> _Scraped caption text data_
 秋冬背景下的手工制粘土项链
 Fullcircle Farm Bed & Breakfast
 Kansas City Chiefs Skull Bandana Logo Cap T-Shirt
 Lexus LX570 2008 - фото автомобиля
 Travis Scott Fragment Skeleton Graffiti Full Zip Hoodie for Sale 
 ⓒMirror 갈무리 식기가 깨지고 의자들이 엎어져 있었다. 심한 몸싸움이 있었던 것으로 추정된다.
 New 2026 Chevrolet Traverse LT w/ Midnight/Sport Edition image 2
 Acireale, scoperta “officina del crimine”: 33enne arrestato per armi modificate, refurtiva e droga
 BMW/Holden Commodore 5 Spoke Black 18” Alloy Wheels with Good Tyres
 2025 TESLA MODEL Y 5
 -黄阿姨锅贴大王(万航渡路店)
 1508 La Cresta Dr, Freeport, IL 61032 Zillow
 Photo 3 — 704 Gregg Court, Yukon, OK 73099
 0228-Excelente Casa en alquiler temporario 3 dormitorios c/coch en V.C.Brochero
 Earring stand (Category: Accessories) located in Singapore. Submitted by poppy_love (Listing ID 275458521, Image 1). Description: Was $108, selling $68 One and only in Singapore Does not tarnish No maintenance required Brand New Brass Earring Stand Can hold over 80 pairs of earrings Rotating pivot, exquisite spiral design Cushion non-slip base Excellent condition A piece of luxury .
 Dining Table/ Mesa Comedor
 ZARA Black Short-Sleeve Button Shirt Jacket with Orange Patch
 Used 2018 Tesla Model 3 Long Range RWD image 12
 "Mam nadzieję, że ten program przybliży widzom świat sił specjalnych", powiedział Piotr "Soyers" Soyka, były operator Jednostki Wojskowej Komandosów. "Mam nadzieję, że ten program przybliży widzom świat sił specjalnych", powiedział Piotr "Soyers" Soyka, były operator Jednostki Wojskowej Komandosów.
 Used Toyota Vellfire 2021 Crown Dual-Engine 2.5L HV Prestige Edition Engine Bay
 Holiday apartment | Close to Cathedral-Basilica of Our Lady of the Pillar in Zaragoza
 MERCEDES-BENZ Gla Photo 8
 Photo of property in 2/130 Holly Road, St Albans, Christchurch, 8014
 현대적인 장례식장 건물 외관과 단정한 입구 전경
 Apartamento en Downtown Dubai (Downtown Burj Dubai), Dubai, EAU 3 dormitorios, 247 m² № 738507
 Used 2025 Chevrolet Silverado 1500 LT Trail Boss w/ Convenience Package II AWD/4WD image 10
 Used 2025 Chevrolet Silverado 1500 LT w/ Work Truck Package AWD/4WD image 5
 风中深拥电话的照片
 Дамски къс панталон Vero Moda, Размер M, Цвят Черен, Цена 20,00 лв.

> _INSTRUCTIONS TO FOLLOW_
Exactly the lines from the one holding "Apartamento en Downtown" through the end of the records above are to be returned, and nothing else.

> _RESPONSE BOX_
 Apartamento en Downtown Dubai (Downtown Burj Dubai), Dubai, EAU 3 dormitorios, 247 m² № 738507
 Used 2025 Chevrolet Silverado 1500 LT Trail Boss w/ Convenience Package II AWD/4WD image 10
 Used 2025 Chevrolet Silverado 1500 LT w/ Work Truck Package AWD/4WD image 5
 风中深拥电话的照片
 Дамски къс панталон Vero Moda, Размер M, Цвят Черен, Цена 20,00 лв.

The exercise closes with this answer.